# PCAP Analysis Test Notebook

This notebook tests the PCAP/CSV analysis pipeline.

**What it does:**
1. Loads the trained models
2. Extracts features from PCAP files (or uses existing CSV)
3. Runs threat detection
4. Shows results

**Prerequisites:**
- Trained models in `models/` directory
- NFStream installed: `pip install nfstream`
- For Windows: Npcap must be installed (https://npcap.com/)


In [None]:
# Setup path and imports
import sys
from pathlib import Path

# Add src to path
sys.path.insert(0, str(Path.cwd().parent / 'src'))

# Check imports
try:
    from predictor import NetworkThreatPredictor
    from feature_extractor import PCAPFeatureExtractor, CICIDS2017_FEATURES
    from analyzer import NetworkThreatAnalyzer
    print("✓ All modules imported successfully!")
except ImportError as e:
    print(f"✗ Import error: {e}")
    print("Make sure you're running from the notebooks/ directory")

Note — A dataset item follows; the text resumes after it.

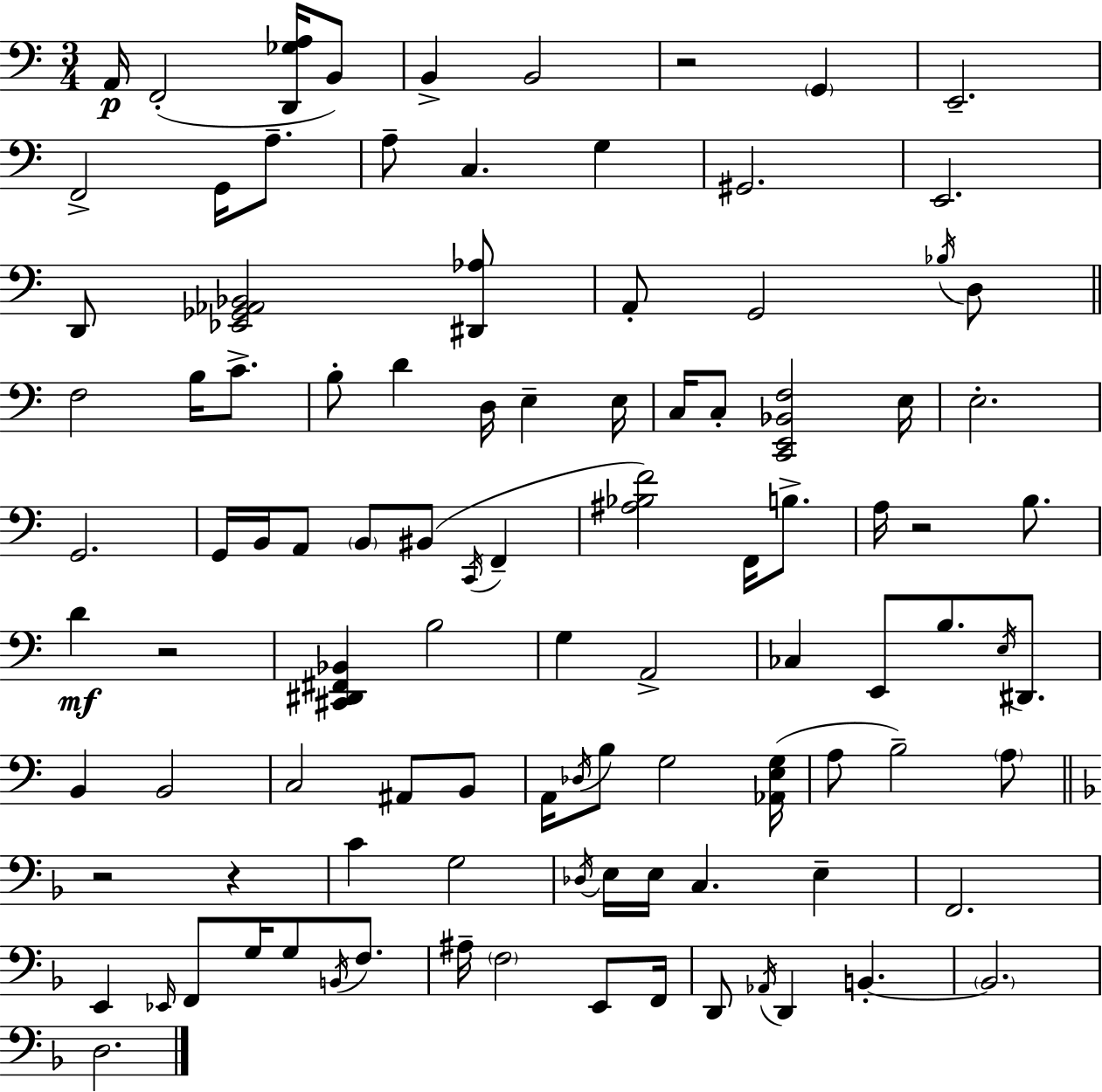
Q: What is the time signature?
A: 3/4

# Check NFStream availability
try:
    import nfstream
    print(f"✓ NFStream version: {nfstream.__version__}")
except ImportError:
    print("⚠ NFStream not installed. Install with: pip install nfstream")
    print("  On Windows, you also need Npcap: https://npcap.com/")

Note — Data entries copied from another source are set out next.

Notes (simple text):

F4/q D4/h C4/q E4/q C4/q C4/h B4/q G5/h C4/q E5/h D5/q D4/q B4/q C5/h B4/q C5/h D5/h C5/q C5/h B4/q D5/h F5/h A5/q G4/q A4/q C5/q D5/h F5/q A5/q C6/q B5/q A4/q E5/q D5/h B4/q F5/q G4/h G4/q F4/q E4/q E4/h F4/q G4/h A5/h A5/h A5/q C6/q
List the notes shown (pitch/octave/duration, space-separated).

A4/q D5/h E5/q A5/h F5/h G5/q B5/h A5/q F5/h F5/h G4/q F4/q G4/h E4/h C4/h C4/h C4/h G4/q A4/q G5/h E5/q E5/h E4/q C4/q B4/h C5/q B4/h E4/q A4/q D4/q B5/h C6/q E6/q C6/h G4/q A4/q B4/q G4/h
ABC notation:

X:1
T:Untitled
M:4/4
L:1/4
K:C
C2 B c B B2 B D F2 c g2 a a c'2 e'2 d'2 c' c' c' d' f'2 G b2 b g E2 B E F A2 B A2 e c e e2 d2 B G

## 1. Initialize the Analyzer


In [None]:
# Initialize the analyzer (loads models automatically)
analyzer = NetworkThreatAnalyzer()


## 2. Test with CSV File (Quick Test)

First, let's test the prediction pipeline using one of the existing CSV files from the CICIDS2017 dataset.


In [None]:
# Test with a small sample from the DDoS file
import pandas as pd
from pathlib import Path

DATASET_DIR = Path.cwd().parent / 'dataset'

# Load a small sample for quick testing
test_file = DATASET_DIR / 'Friday-WorkingHours-Afternoon-DDos.pcap_ISCX.csv'
print(f"Loading test file: {test_file.name}")

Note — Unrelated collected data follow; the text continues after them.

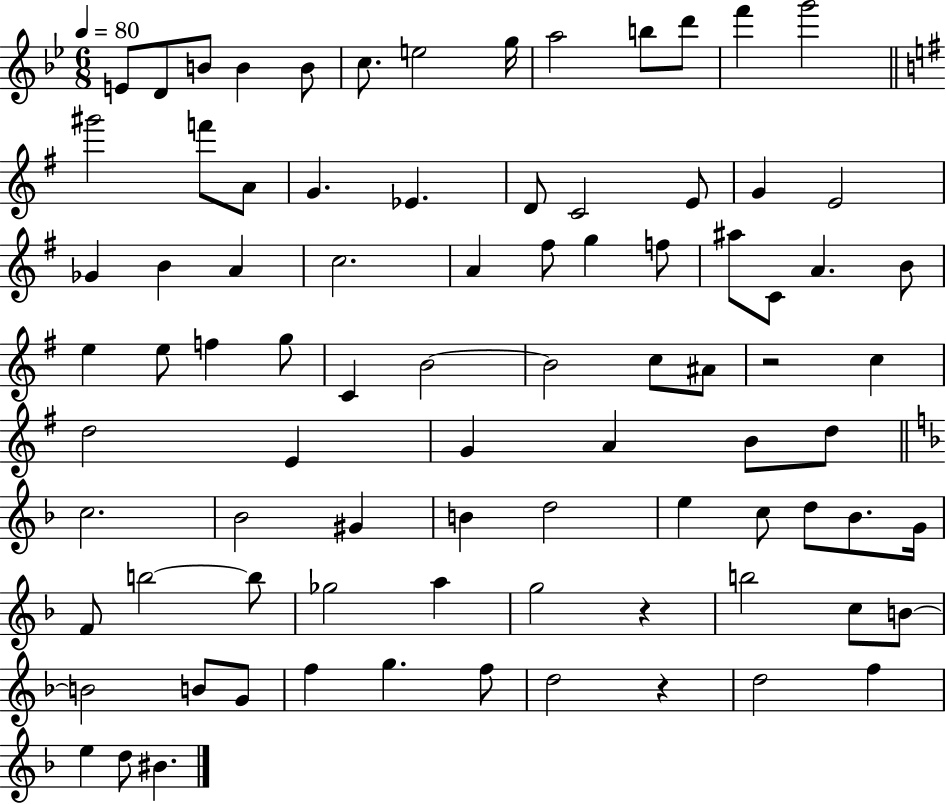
X:1
T:Untitled
M:6/8
L:1/4
K:Bb
E/2 D/2 B/2 B B/2 c/2 e2 g/4 a2 b/2 d'/2 f' g'2 ^g'2 f'/2 A/2 G _E D/2 C2 E/2 G E2 _G B A c2 A ^f/2 g f/2 ^a/2 C/2 A B/2 e e/2 f g/2 C B2 B2 c/2 ^A/2 z2 c d2 E G A B/2 d/2 c2 _B2 ^G B d2 e c/2 d/2 _B/2 G/4 F/2 b2 b/2 _g2 a g2 z b2 c/2 B/2 B2 B/2 G/2 f g f/2 d2 z d2 f e d/2 ^B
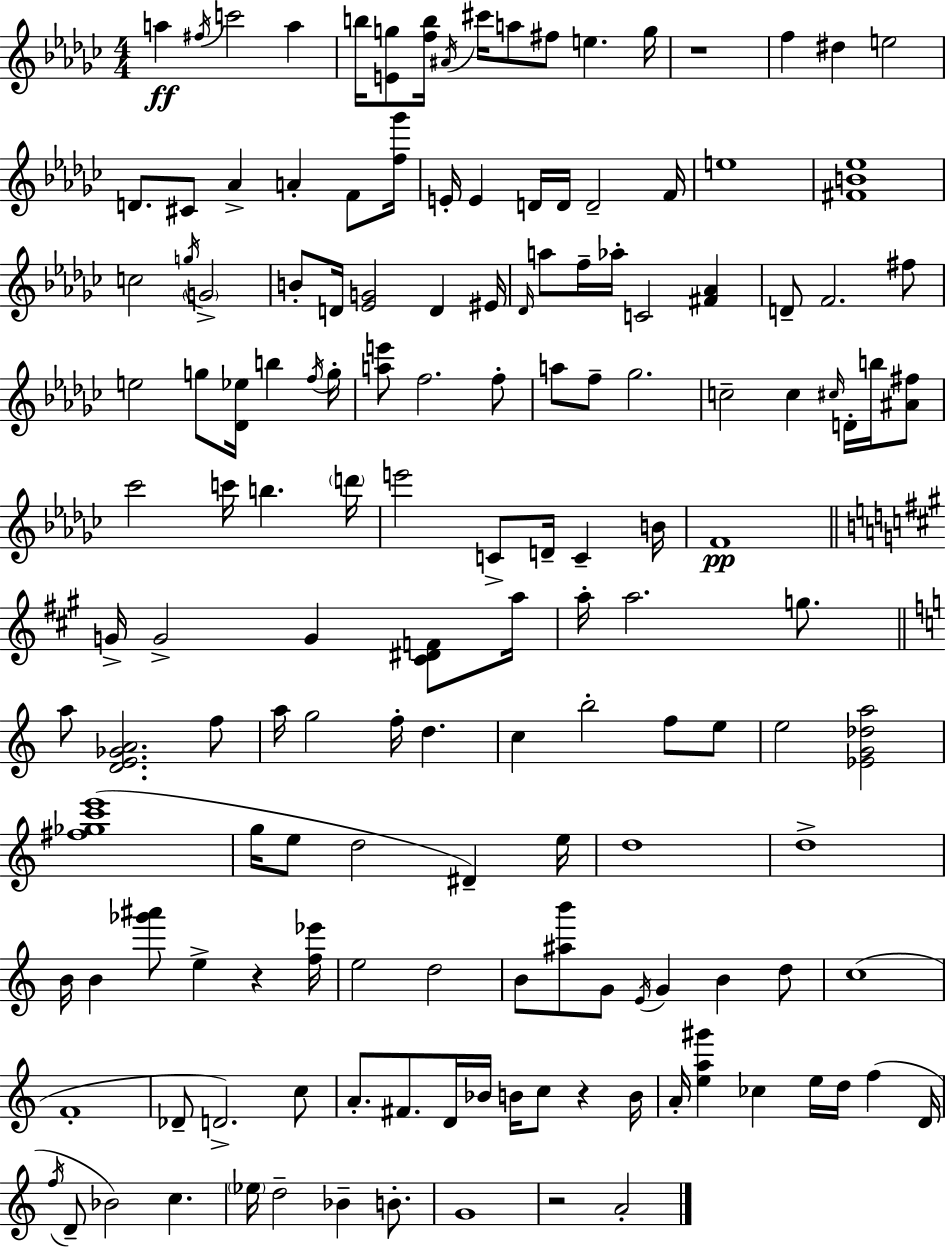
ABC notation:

X:1
T:Untitled
M:4/4
L:1/4
K:Ebm
a ^f/4 c'2 a b/4 [Eg]/2 [fb]/4 ^A/4 ^c'/4 a/2 ^f/2 e g/4 z4 f ^d e2 D/2 ^C/2 _A A F/2 [f_g']/4 E/4 E D/4 D/4 D2 F/4 e4 [^FB_e]4 c2 g/4 G2 B/2 D/4 [_EG]2 D ^E/4 _D/4 a/2 f/4 _a/4 C2 [^F_A] D/2 F2 ^f/2 e2 g/2 [_D_e]/4 b f/4 g/4 [ae']/2 f2 f/2 a/2 f/2 _g2 c2 c ^c/4 D/4 b/4 [^A^f]/2 _c'2 c'/4 b d'/4 e'2 C/2 D/4 C B/4 F4 G/4 G2 G [^C^DF]/2 a/4 a/4 a2 g/2 a/2 [DE_GA]2 f/2 a/4 g2 f/4 d c b2 f/2 e/2 e2 [_EG_da]2 [^f_gc'e']4 g/4 e/2 d2 ^D e/4 d4 d4 B/4 B [_g'^a']/2 e z [f_e']/4 e2 d2 B/2 [^ab']/2 G/2 E/4 G B d/2 c4 F4 _D/2 D2 c/2 A/2 ^F/2 D/4 _B/4 B/4 c/2 z B/4 A/4 [ea^g'] _c e/4 d/4 f D/4 f/4 D/2 _B2 c _e/4 d2 _B B/2 G4 z2 A2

df_test = pd.read_csv(test_file, nrows=1000)
df_test.columns = df_test.columns.str.strip()
print(f"Loaded {len(df_test)} rows")
print(f"\nActual labels in sample:")
print(df_test['Label'].value_counts())


In [None]:
# Run predictions using the predictor directly
predictions = analyzer.predictor.predict(df_test, model_type='multiclass')
print(f"Predictions made: {len(predictions)}")
print(f"\nPrediction distribution:")
unique, counts = pd.Series(predictions).value_counts().items(), pd.Series(predictions).value_counts().values
for label, count in pd.Series(predictions).value_counts().items():
    print(f"  {label}: {count}")


In [None]:
# Compare predictions with actual labels
from sklearn.metrics import accuracy_score, classification_report

# Get actual labels
actual_labels = df_test['Label'].values

# Calculate accuracy
accuracy = accuracy_score(actual_labels, predictions)
print(f"Accuracy on test sample: {accuracy:.4f} ({accuracy*100:.2f}%)")

print(f"\nDetailed Report:")
print(classification_report(actual_labels, predictions))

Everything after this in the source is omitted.